*Problem statement*
Retype all entries exactly, skipping pictures.

*Entries supplied*
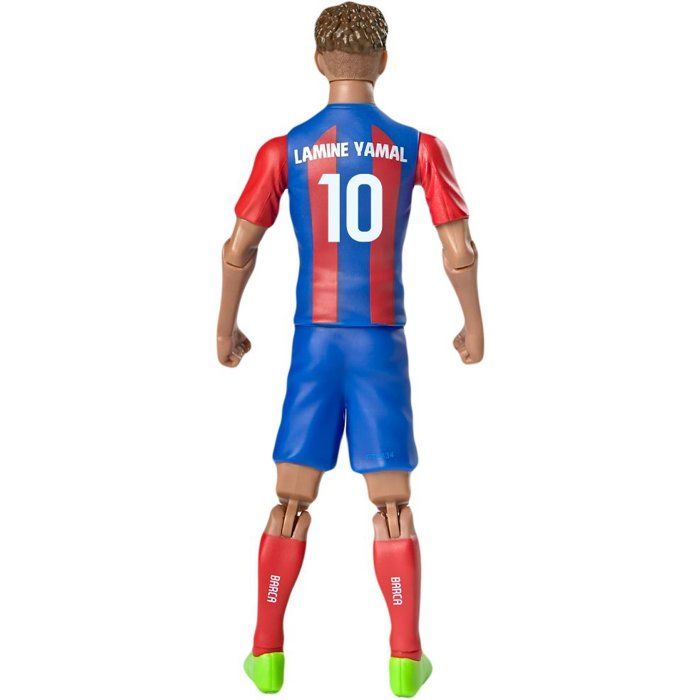 Figurine articulée - Lamine Yamal - FC Barcelona - MEGABLEU - 20 cm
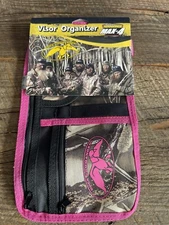 DUCK COMMANDER CAMO PINK VISOR ORGANIZER ADVANTAGE MAX-4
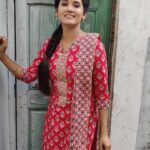 Sai Gayatri Instagram - Ei Suzhali❤️🧿 . Best quality salwar materials @srisai_collestions9 . #beingAnu #frmthesetsof #NNK❤️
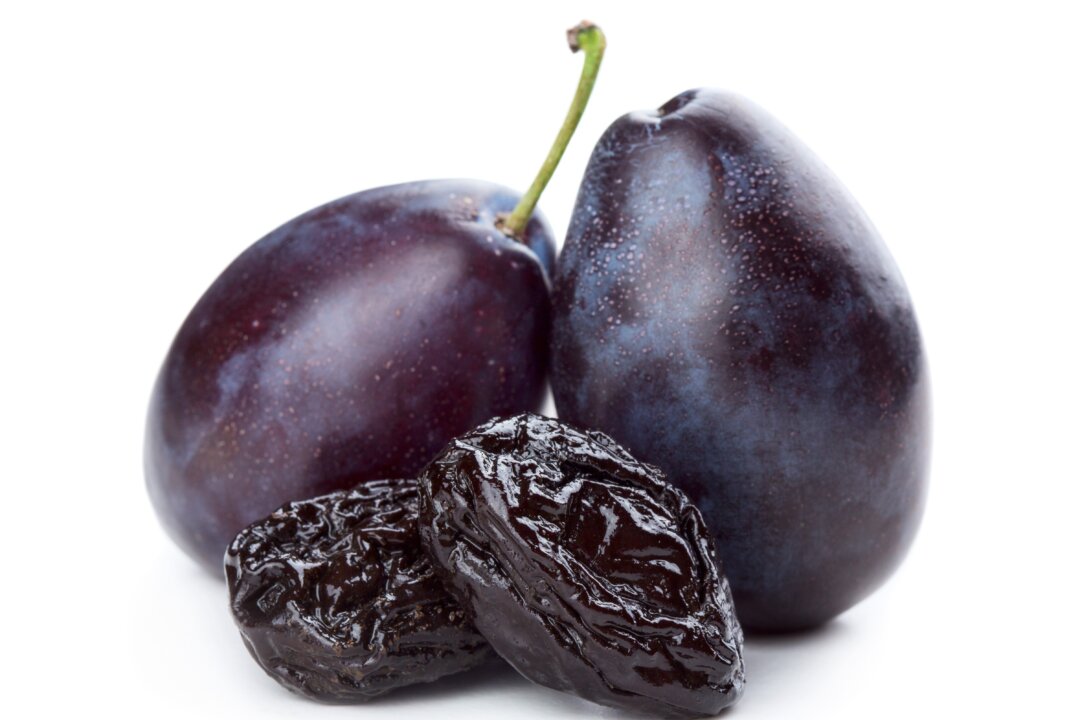 Researchers found found dried plums have a unique impact on bones, something traditional Chinese medicine has known for a very long time. (Valentina Proskurina/Shutterstock)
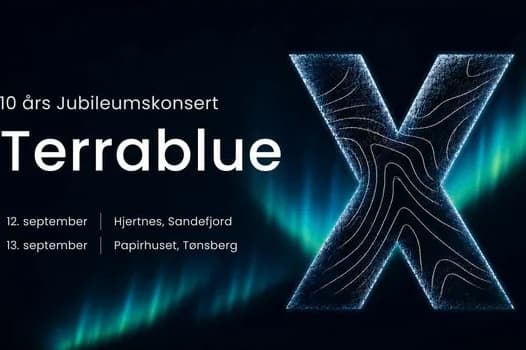 Konsert - Terrablue X i Tønsberg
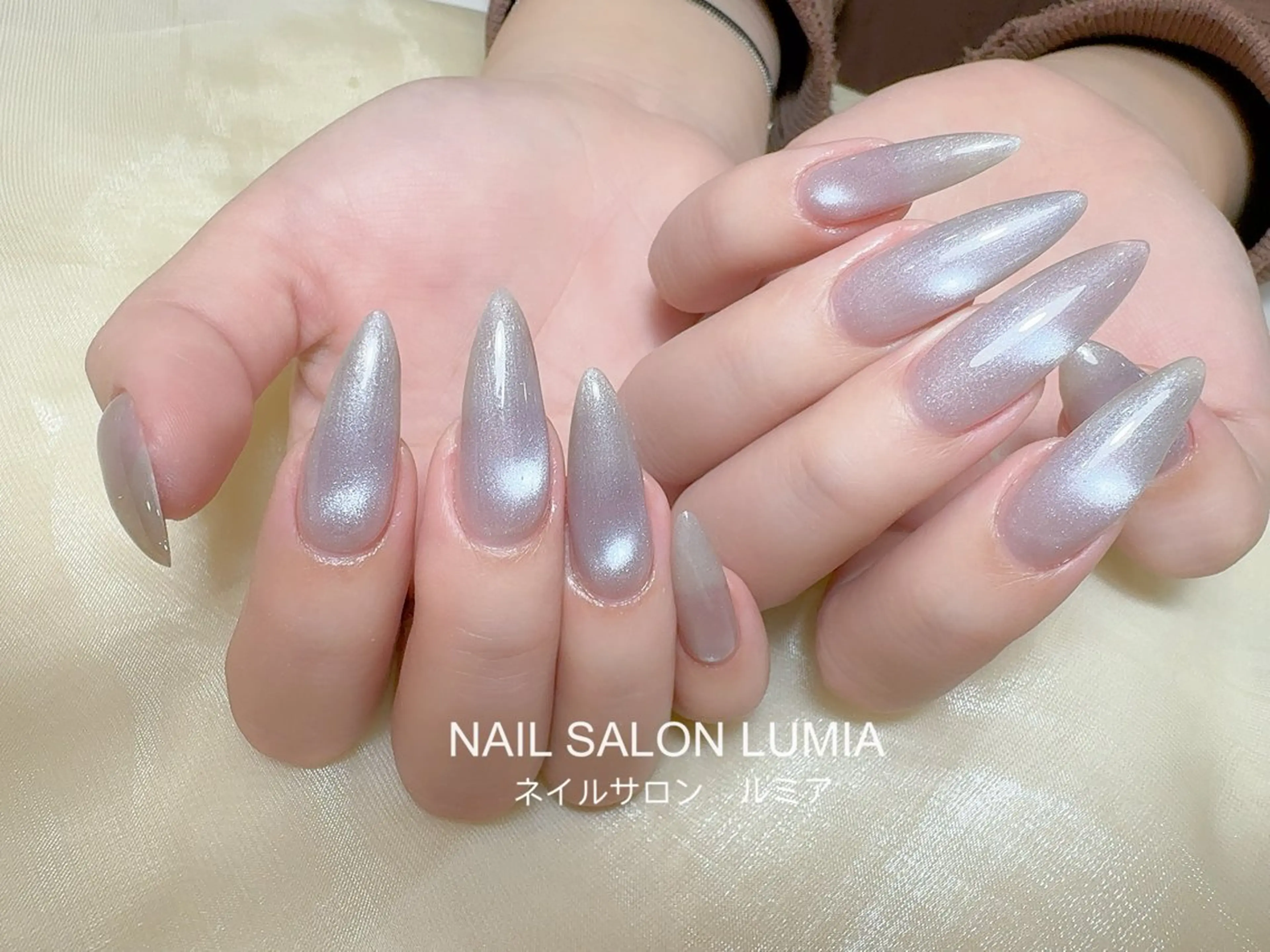 ネイル ハンドネイル ネイルサロン ルミア Lumia 店長のネイルデザイン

*Answer to this problem*
 Figurine articulée - Lamine Yamal - FC Barcelona - MEGABLEU - 20 cm
 DUCK COMMANDER CAMO PINK VISOR ORGANIZER ADVANTAGE MAX-4
 Sai Gayatri Instagram - Ei Suzhali❤️🧿 . Best quality salwar materials @srisai_collestions9 . #beingAnu #frmthesetsof #NNK❤️
 Researchers found found dried plums have a unique impact on bones, something traditional Chinese medicine has known for a very long time. (Valentina Proskurina/Shutterstock)
 Konsert - Terrablue X i Tønsberg
 ネイル ハンドネイル ネイルサロン ルミア Lumia 店長のネイルデザイン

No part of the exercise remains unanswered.